The Executive Board of the International Monetary Fund (IMF) on Friday completed the fourth review under the Extended Credit Facility (ECF) arrangement for The Gambia, and approved an immediate disbursement of about US$ 6.72 million to the country to help meet its “financing needs, address the repercussions of the war in Ukraine, and support the post-pandemic recovery.”
The IMF said despite the various waves of the COVID-19 pandemic, the Gambian economy grew by 4.3 percent in 2021 and is expected to grow by 5.6 percent in 2022, adding that the authorities “remain committed to strong policy measures and structural reforms, including on fiscal management, State-Owned Enterprises, and governance.”
An extended credit facility is not a gift but a loan that is extended over a period of time, pending a number of agreements with the Washington DC-based institution.
On Friday, the IMF Board also completed a financing assurances review and granted a waiver of nonobservance of a performance criterion on the ceiling on the net domestic borrowing of the central government.
The IMF wrote, “The ECF arrangement for The Gambia was approved by the IMF’s Executive Board on March 23, 2020 , with an initial total access of SDR 35 million (or 56.3 percent of quota) that was augmented to SDR 55 million (88.4 percent of quota) at the time of the completion of the first review under the ECF, on January 15, 2021 . The Gambia has also benefited from an IMF Rapid Credit Facility disbursement of SDR 15.55 million approved on April 15, 2020 and received debt service relief from the IMF under the Catastrophe Containment and Relief Trust, totaling SDR 7.9 million.

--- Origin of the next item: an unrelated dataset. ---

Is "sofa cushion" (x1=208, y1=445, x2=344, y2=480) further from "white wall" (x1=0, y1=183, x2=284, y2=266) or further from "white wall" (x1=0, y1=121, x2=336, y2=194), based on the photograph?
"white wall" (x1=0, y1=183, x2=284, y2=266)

“The Gambia’s economic growth is estimated at 4.3 percent in 2021 despite the various waves of the COVID-19 pandemic . Growth is projected to reach 5.6 percent in 2022, predicated on strong remittance inflows, a robust expansion of the construction sector, and large public investment projects. The repercussions of the war in Ukraine intensify inflationary pressures, exacerbate pandemic-related uncertainties, dampen tourism prospects, and disrupt the supply of food and agricultural inputs. The central bank took initial measures to contain inflationary pressures, as inflation reached 11.7 percent at end-April 2022. The authorities are advancing reforms on several fronts, including the transparency of COVID-19 spending, the institutional framework of State-Owned Enterprises, revenue administration, and public financial management.”